ABOUT THIS EXERCISE -> Please output every record below exactly as written, leaving out any pictures.

········

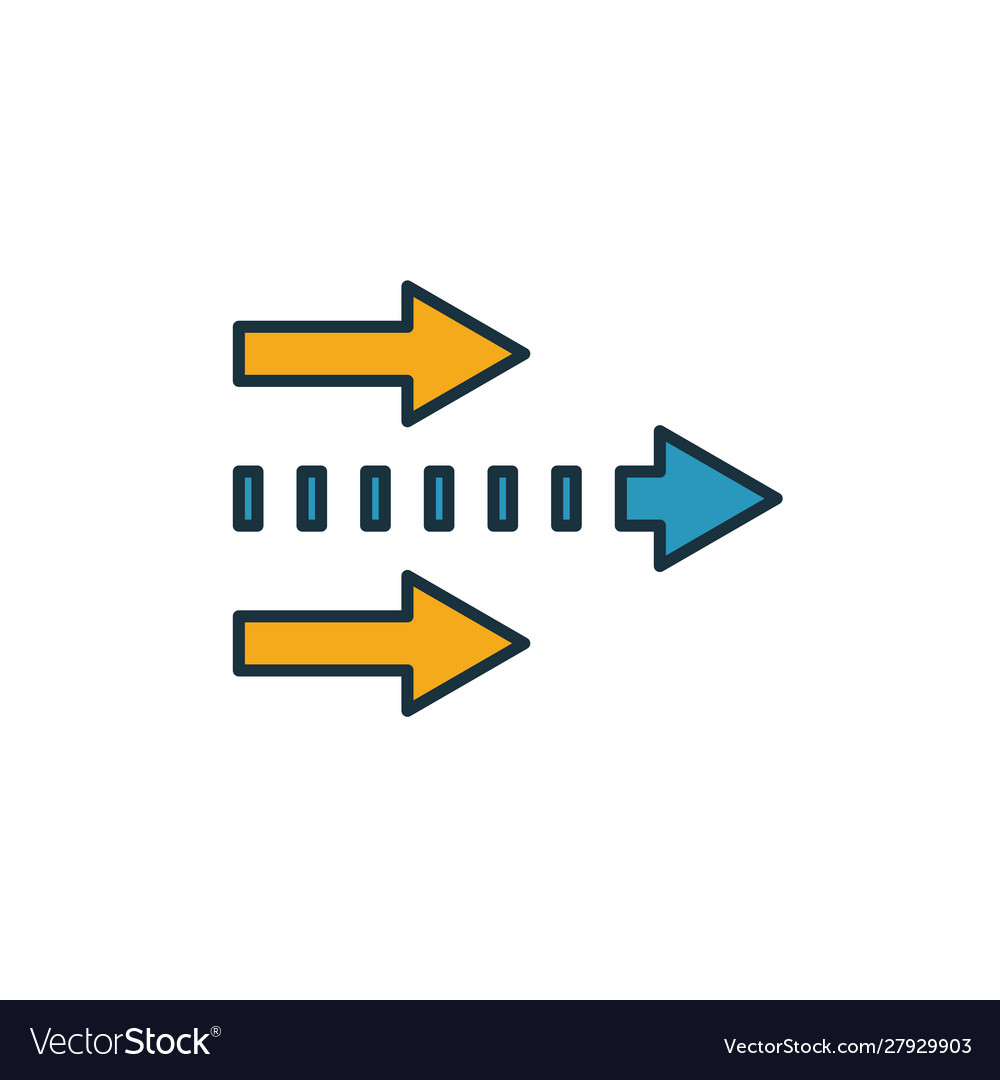 Right leading icon simple element from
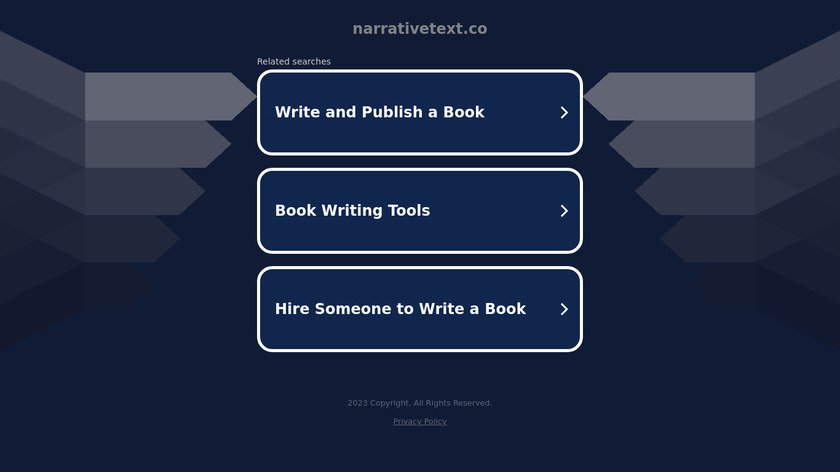 NarrativeText Landing Page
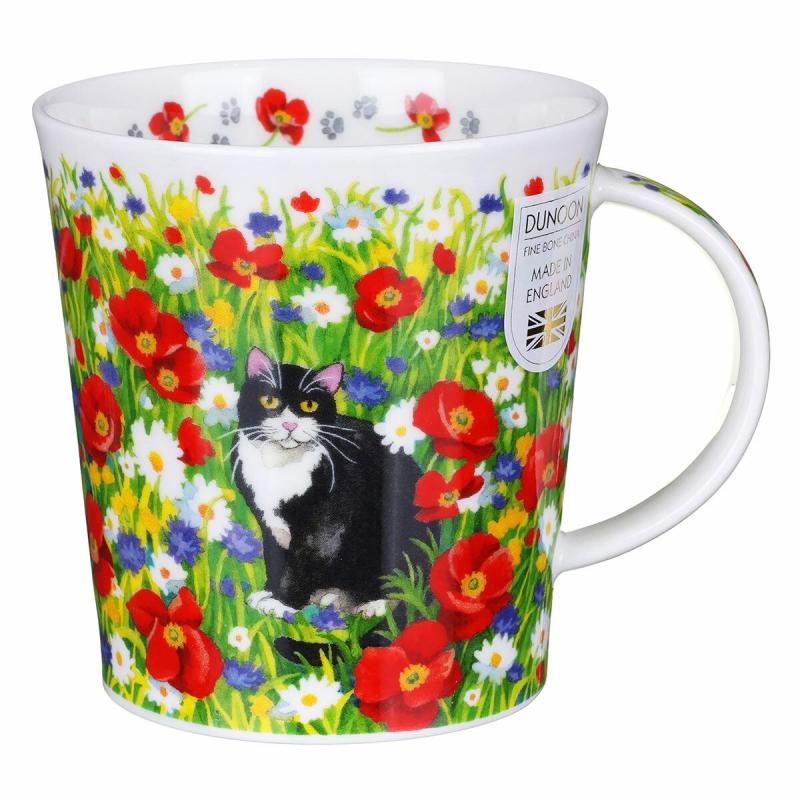 TASSE LOMOND 0.32L GARDEN CATS BLACK & WHITE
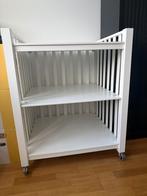 Witte Commode met 3 planken, Kinderen en Baby's, Kinderkamer | Commodes en Kasten, Ophalen, Gebruikt, 70 cm of meer, 75 tot 100 cm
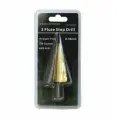 Сверло ROCKFORCE RF-44743 ступенчатое TIN HSS 4241 (8-38мм), в блистере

········

EXERCISE SOLUTION ->
 Right leading icon simple element from
 NarrativeText Landing Page
 TASSE LOMOND 0.32L GARDEN CATS BLACK & WHITE
 Witte Commode met 3 planken, Kinderen en Baby's, Kinderkamer | Commodes en Kasten, Ophalen, Gebruikt, 70 cm of meer, 75 tot 100 cm
 Сверло ROCKFORCE RF-44743 ступенчатое TIN HSS 4241 (8-38мм), в блистере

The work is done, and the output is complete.